Stored data:
────────────────────
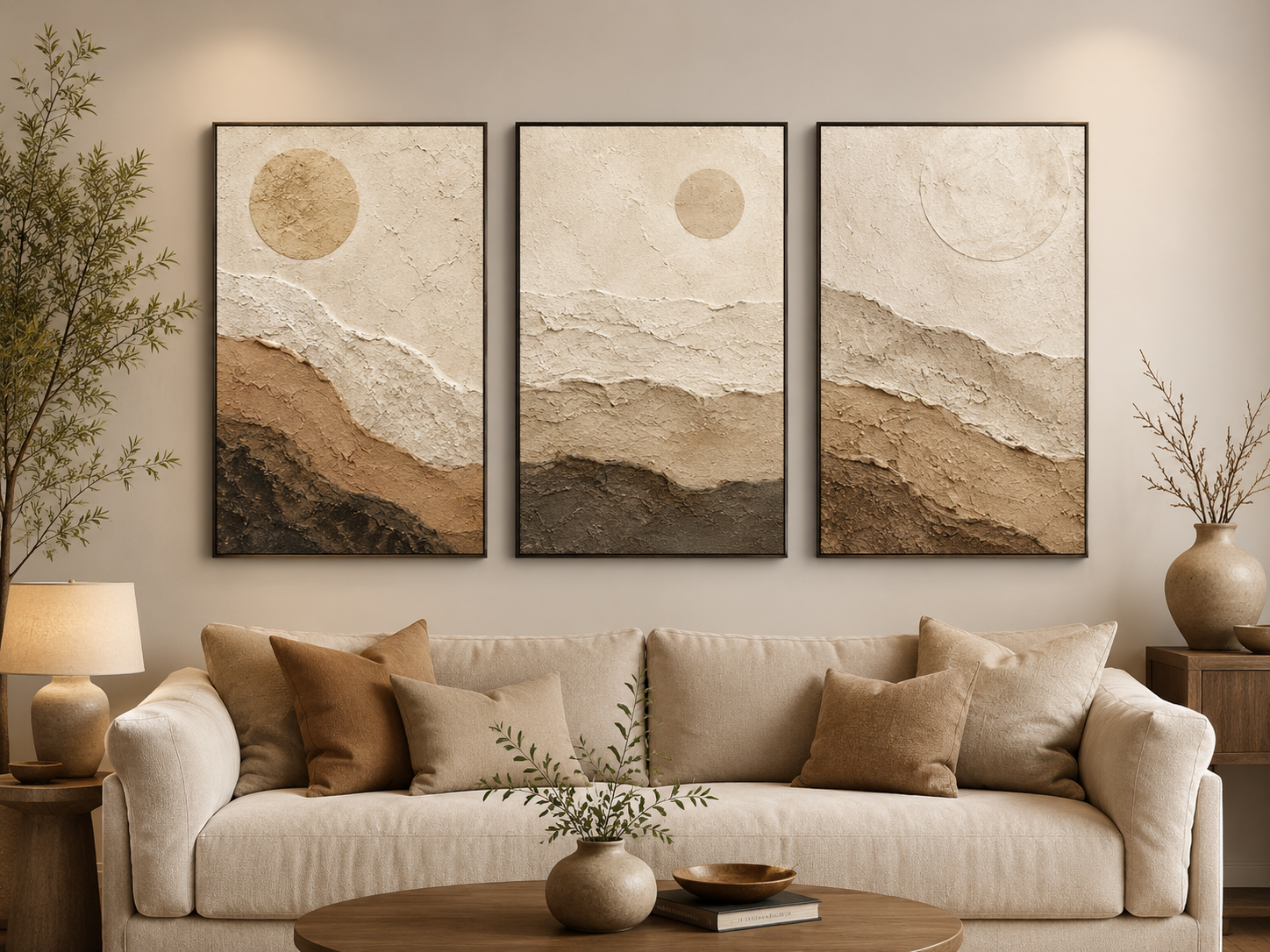Layered Earth Horizon Canvas Wall Art Print – 3-Piece Natural Texture Set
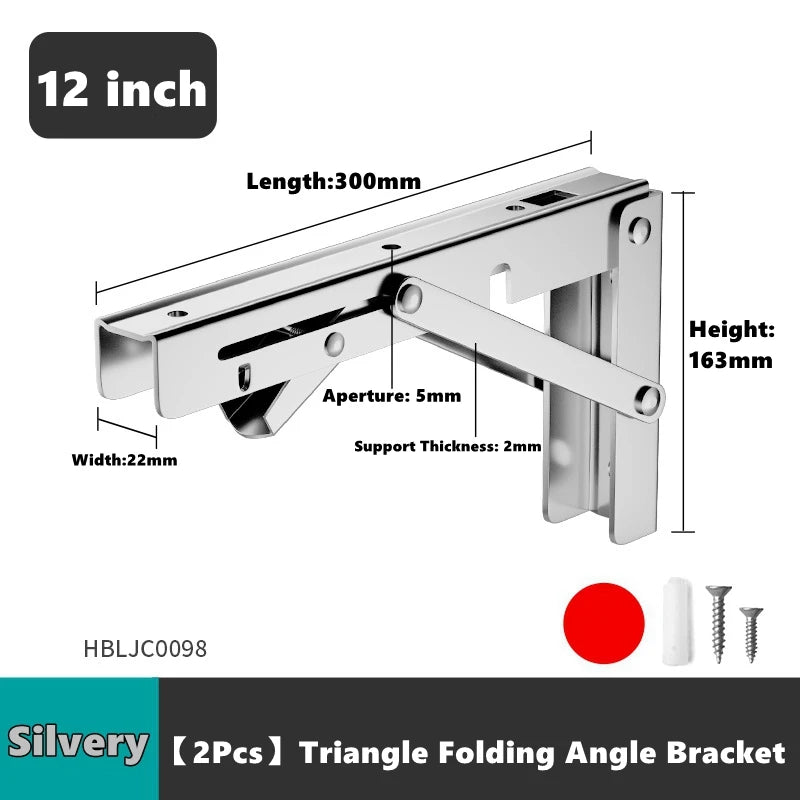 2Pcs, Multiple Sizes Triangle Folding Bracket, Shelf Table Desk, Floating Shelf, Collapsible Wall Mounted Bracket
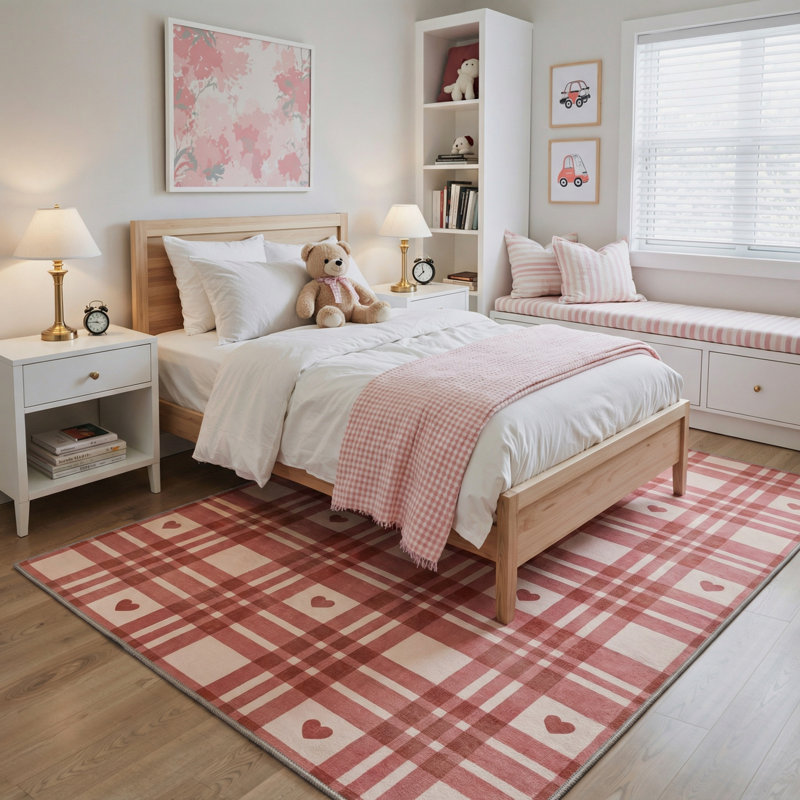 Preppy Plaid & Mini Heart Aesthetic Machine Washable Red Indoor Area Rug  with Non-Slip Backing, Rectangle 5' x 7'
────────────────────
Work to be completed: Every line above should be copied exactly; do not carry over the pictures.

Task solution:
Layered Earth Horizon Canvas Wall Art Print – 3-Piece Natural Texture Set
 2Pcs, Multiple Sizes Triangle Folding Bracket, Shelf Table Desk, Floating Shelf, Collapsible Wall Mounted Bracket
 Preppy Plaid & Mini Heart Aesthetic Machine Washable Red Indoor Area Rug  with Non-Slip Backing, Rectangle 5' x 7'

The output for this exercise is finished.